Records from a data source
..............................

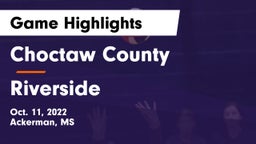 Choctaw County  vs Riverside Game Highlights - Oct. 11, 2022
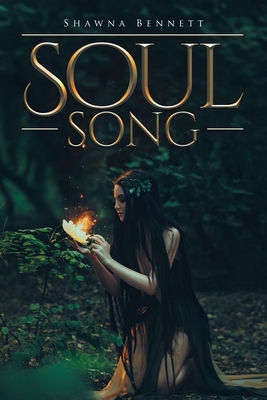 Soul Song By Shawna Bennett Cover Image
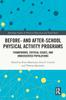The Before and After School Physical Activity Programs : Frameworks, Critical Issues and Underserved Populations Book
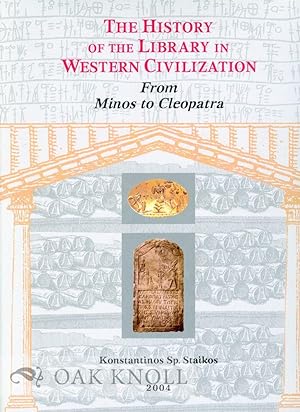 Image du vendeur pour HISTORY OF THE LIBRARY IN WESTERN CIVILIZATION: FROM MINOS TO CLEOPATRA.|THE mis en vente par Oak Knoll Books, ABAA, ILAB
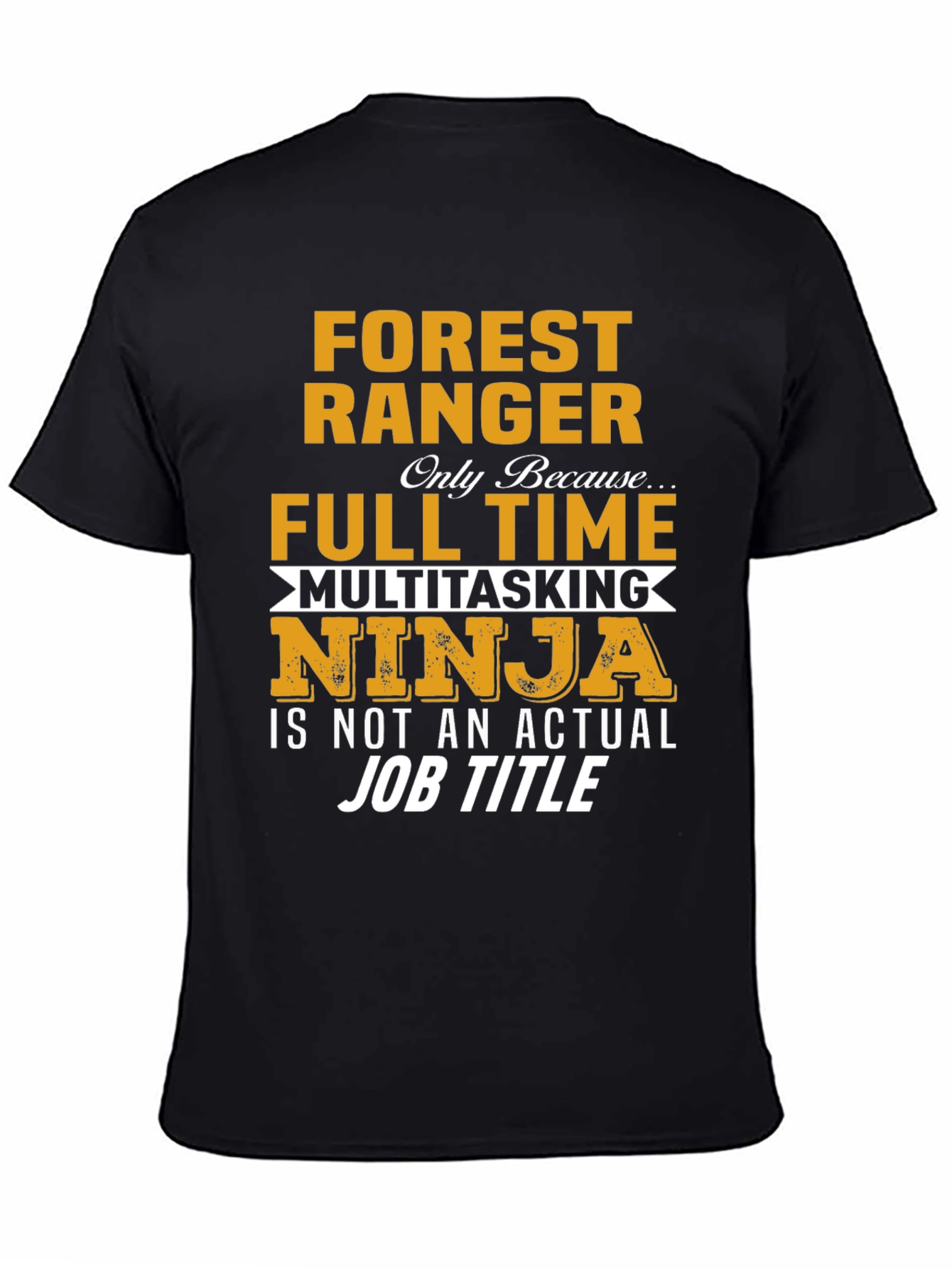 Forest Ranger Full Time Multitasking Ninja T-Shirt
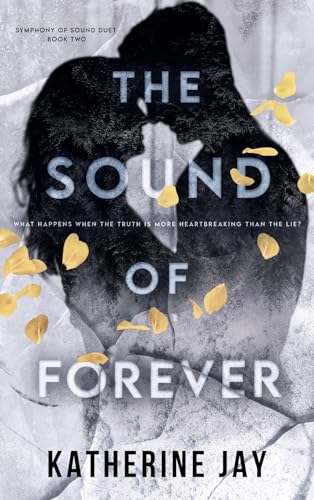 The Sound Of Forever: A Small Town Romantic Suspense (Symphony of Sound Duet Book 2)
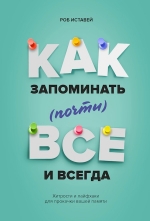 Иставей Р.. Как запоминать (почти) всe и всегда. Хитрости и лайфхаки для прокачки вашей памяти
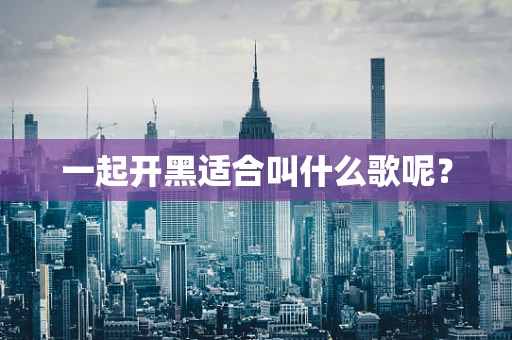 一起开黑适合叫什么歌呢？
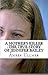 A Mother's Killer : The True Story of Jennifer Bailey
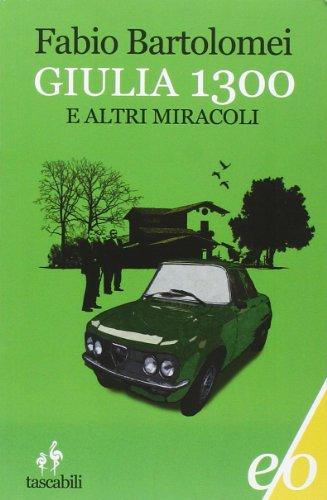 Giulia 1300 e altri miracoli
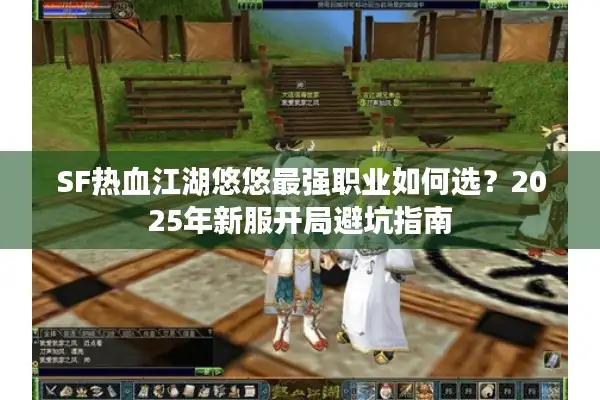 SF热血江湖悠悠最强职业如何选？2025年新服开局避坑指南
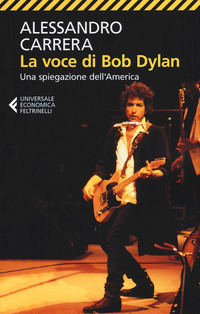 Voce_Di_Bob_Dylan_Una_Spiegazione_Dell`america._Ediz._Ampliata_(la)_-Carrera_Alessandro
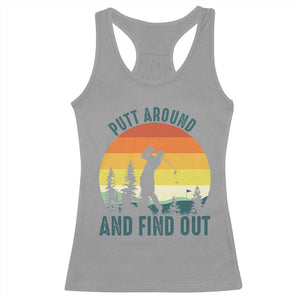 Putt Around And Find Out Racerback Tank Top Funny Golf Player Gift TS12 Sport Gray Print Your Wear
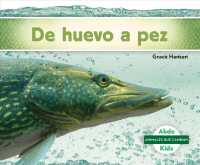 De huevo a pez / Becoming a Fish (Animales Que Cambian)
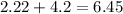 2.22 + 4.2 = 6.45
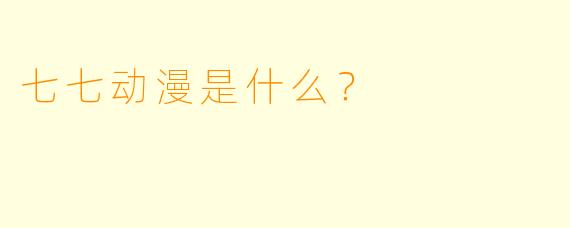 七七动漫是什么？  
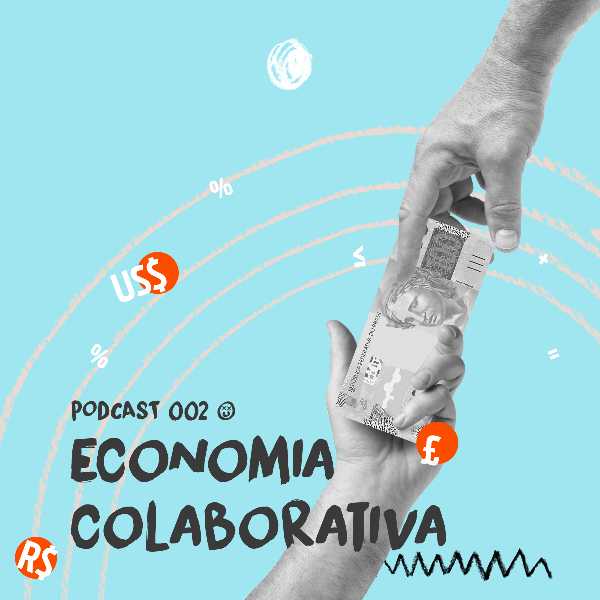 2.Economia Colaborativa EP.2 - Unicred Co-Lab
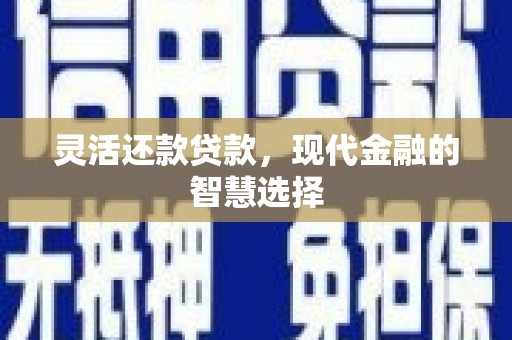 五华灵活还款贷款，现代金融的智慧选择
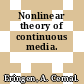 Nonlinear theory of continuous media.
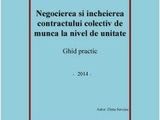 Negocierea si incheierea contractului colectiv de munca la nivel de unitate – ghid practic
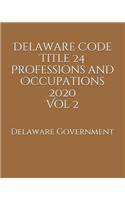 Delaware Code Title 24 Professions and Occupations 2020 Vol 2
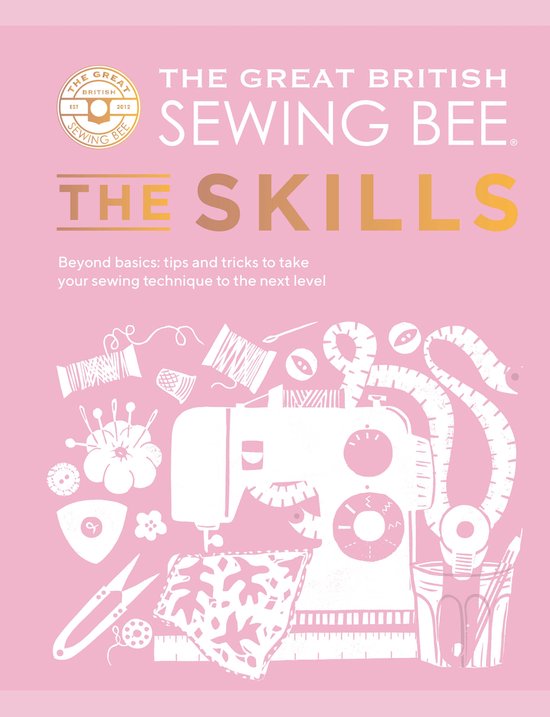 The Great British Sewing Bee-The Great British Sewing Bee: T ... - cover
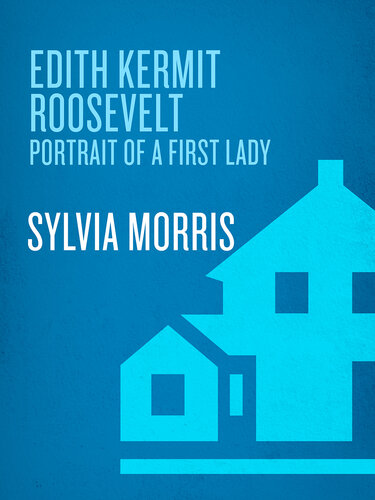 Edith Kermit Roosevelt: Portrait of a First Lady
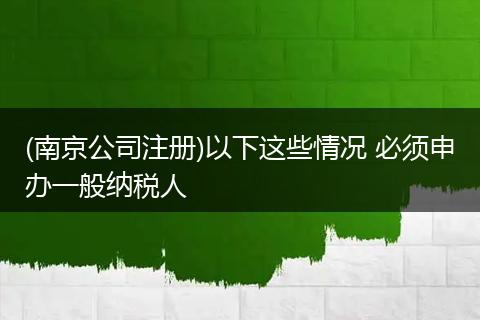 (南京公司注册)以下这些情况 必须申办一般纳税人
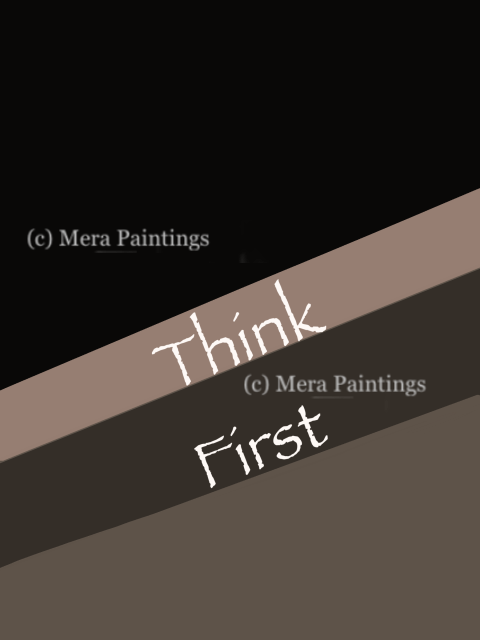 Think first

..............................

Your objective: Which lines run from the one containing "2.22 + 4.2 = 6.45" to the end of the entries above? Write them out exactly, leaving out every picture.

Solution to the exercise:
 2.22 + 4.2 = 6.45
 七七动漫是什么？  
 2.Economia Colaborativa EP.2 - Unicred Co-Lab
 五华灵活还款贷款，现代金融的智慧选择
 Nonlinear theory of continuous media.
 Negocierea si incheierea contractului colectiv de munca la nivel de unitate – ghid practic
 Delaware Code Title 24 Professions and Occupations 2020 Vol 2
 The Great British Sewing Bee-The Great British Sewing Bee: T ... - cover
 Edith Kermit Roosevelt: Portrait of a First Lady
 (南京公司注册)以下这些情况 必须申办一般纳税人
 Think first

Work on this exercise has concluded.